§ **Records for this exercise**
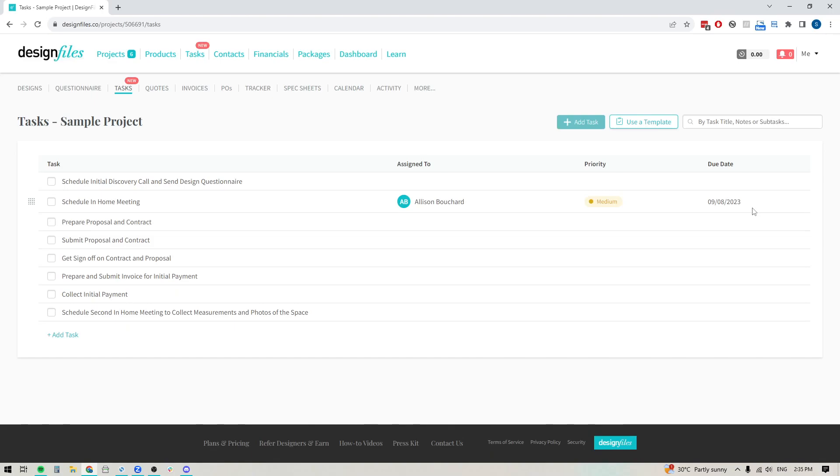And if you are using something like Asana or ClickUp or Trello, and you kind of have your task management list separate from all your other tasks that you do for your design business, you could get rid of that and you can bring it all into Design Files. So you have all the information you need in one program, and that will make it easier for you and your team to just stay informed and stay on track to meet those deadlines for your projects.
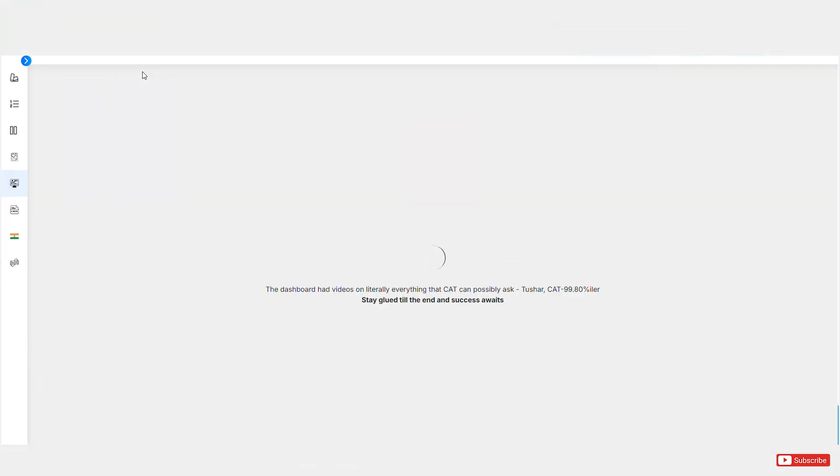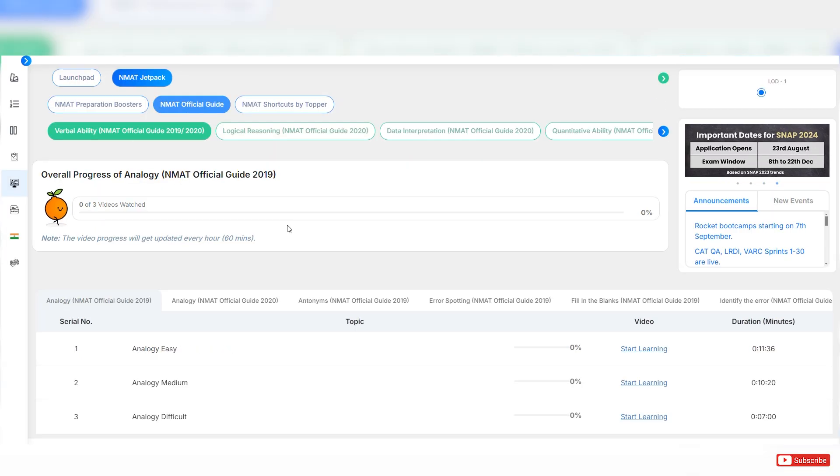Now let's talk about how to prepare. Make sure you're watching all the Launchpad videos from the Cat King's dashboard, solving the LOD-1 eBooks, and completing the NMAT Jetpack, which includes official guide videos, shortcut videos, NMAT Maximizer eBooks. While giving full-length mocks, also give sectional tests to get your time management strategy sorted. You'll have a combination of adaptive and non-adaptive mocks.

--

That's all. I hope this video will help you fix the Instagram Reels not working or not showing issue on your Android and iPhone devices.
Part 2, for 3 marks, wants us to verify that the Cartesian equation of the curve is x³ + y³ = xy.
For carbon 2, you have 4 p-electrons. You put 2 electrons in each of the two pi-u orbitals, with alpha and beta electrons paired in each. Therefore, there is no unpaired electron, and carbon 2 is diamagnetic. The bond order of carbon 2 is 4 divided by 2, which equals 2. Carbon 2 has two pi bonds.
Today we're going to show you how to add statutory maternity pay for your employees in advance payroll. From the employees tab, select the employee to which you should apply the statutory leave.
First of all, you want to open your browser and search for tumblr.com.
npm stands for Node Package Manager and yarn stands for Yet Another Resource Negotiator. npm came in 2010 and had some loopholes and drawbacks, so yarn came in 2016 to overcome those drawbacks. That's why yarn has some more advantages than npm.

* * *

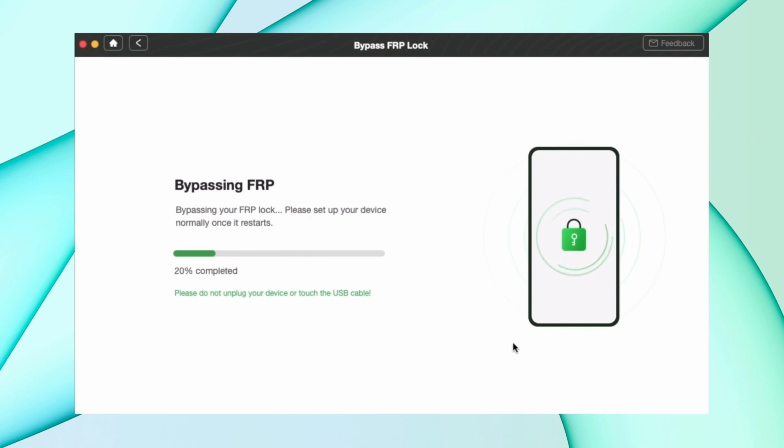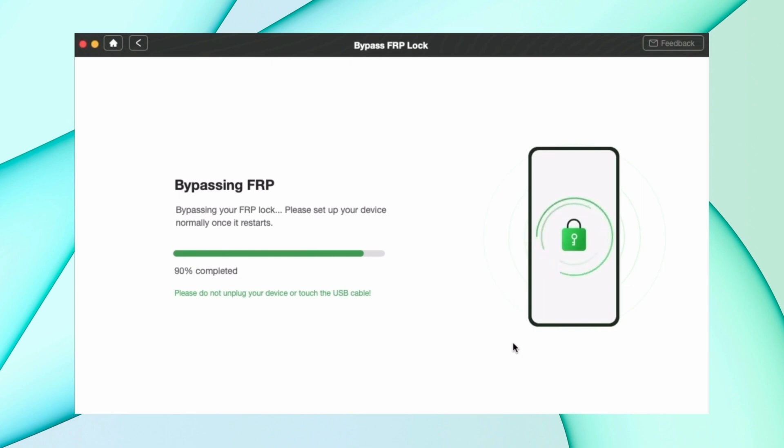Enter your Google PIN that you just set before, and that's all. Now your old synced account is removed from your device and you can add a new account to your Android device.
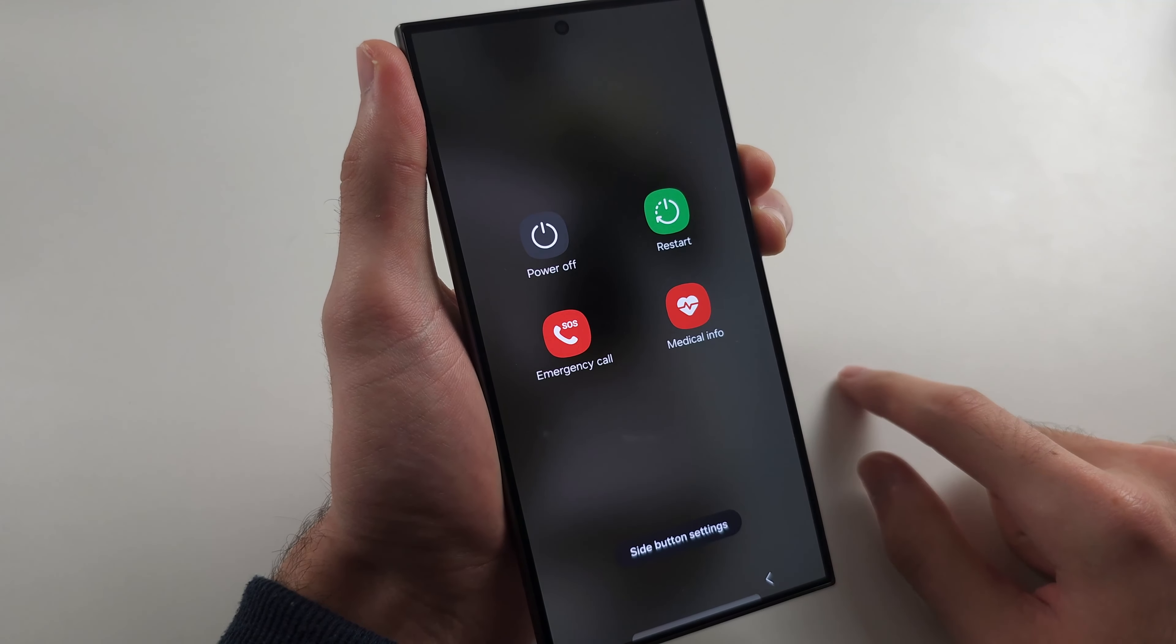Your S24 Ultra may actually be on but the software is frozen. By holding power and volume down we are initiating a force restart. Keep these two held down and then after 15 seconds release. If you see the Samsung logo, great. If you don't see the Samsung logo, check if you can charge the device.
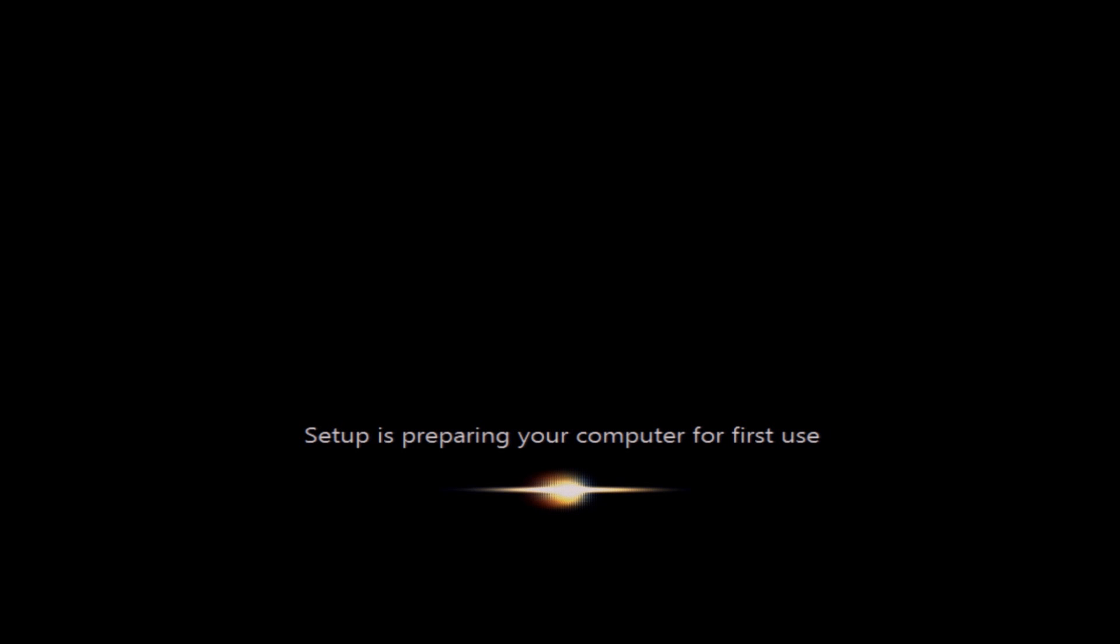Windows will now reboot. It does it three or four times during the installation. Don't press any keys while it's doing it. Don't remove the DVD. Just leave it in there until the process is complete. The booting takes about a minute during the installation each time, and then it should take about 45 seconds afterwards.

§ **Task goal**
All lines above from the one containing "And if you are" up to and including the one containing "Now let's talk" are to be set down exactly, and nothing else. Leave images out.

§ **Answer box**
And if you are using something like Asana or ClickUp or Trello, and you kind of have your task management list separate from all your other tasks that you do for your design business, you could get rid of that and you can bring it all into Design Files. So you have all the information you need in one program, and that will make it easier for you and your team to just stay informed and stay on track to meet those deadlines for your projects.
Now let's talk about how to prepare. Make sure you're watching all the Launchpad videos from the Cat King's dashboard, solving the LOD-1 eBooks, and completing the NMAT Jetpack, which includes official guide videos, shortcut videos, NMAT Maximizer eBooks. While giving full-length mocks, also give sectional tests to get your time management strategy sorted. You'll have a combination of adaptive and non-adaptive mocks.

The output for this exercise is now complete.